> [Data records]:
----

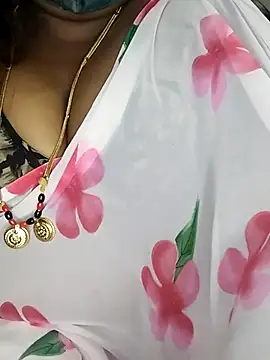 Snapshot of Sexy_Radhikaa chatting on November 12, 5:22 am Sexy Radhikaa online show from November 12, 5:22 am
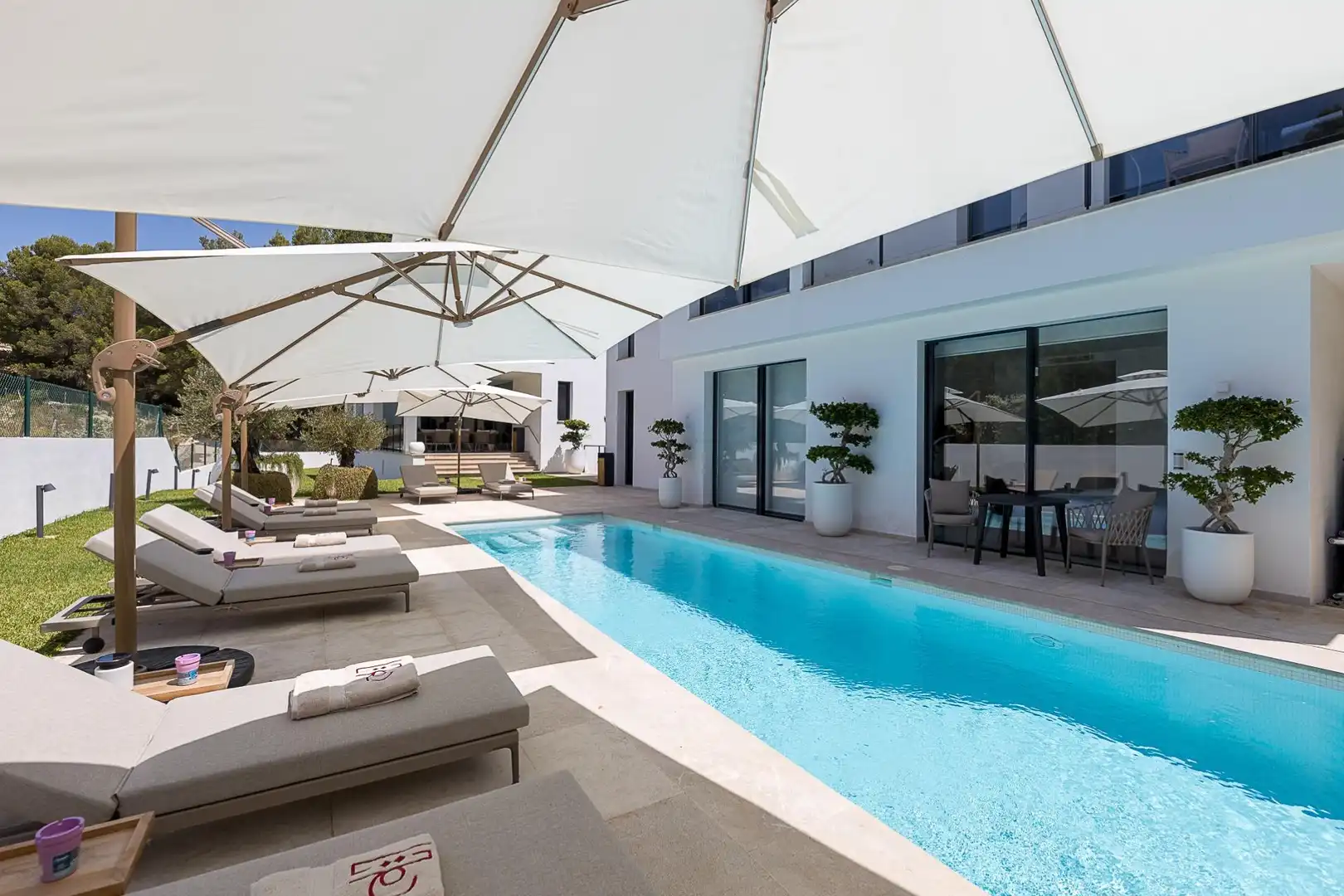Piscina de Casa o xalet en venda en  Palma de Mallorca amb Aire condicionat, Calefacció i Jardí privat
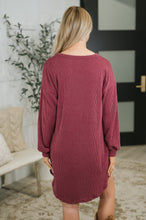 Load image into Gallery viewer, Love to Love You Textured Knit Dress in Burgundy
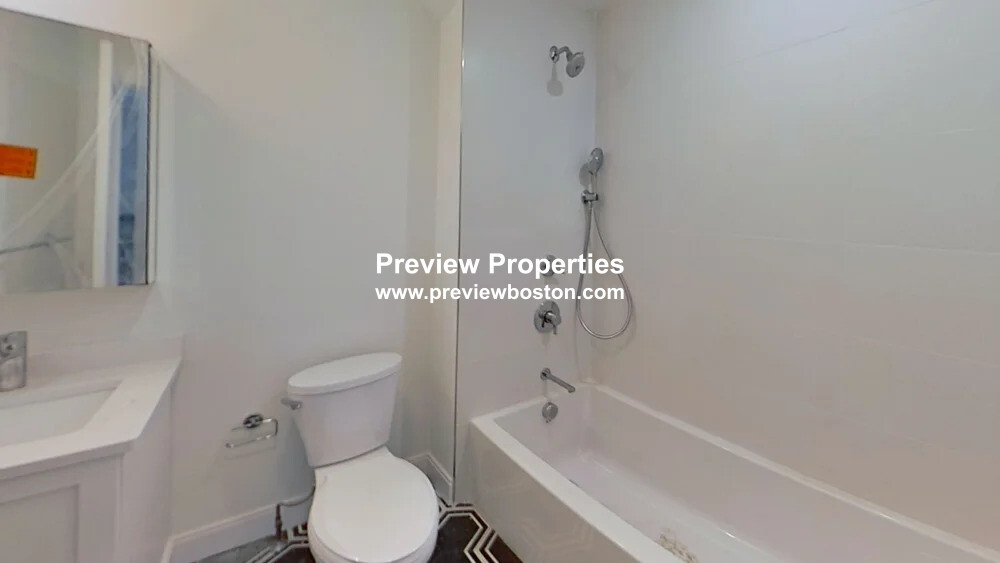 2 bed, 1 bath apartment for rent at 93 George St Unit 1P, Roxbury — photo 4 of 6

----

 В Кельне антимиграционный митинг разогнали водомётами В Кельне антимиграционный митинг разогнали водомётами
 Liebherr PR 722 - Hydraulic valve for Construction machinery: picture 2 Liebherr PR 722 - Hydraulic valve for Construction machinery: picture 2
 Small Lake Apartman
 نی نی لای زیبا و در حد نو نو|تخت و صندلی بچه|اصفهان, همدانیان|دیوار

----

> [Your goal]:
Using the entries above, transcribe every line from the line containing "Snapshot of Sexy_Radhikaa" through the line containing "2 bed, 1 bath". Do not copy pictures.

> [Result for this exercise]:
 Snapshot of Sexy_Radhikaa chatting on November 12, 5:22 am Sexy Radhikaa online show from November 12, 5:22 am
Piscina de Casa o xalet en venda en  Palma de Mallorca amb Aire condicionat, Calefacció i Jardí privat
 Load image into Gallery viewer, Love to Love You Textured Knit Dress in Burgundy
 2 bed, 1 bath apartment for rent at 93 George St Unit 1P, Roxbury — photo 4 of 6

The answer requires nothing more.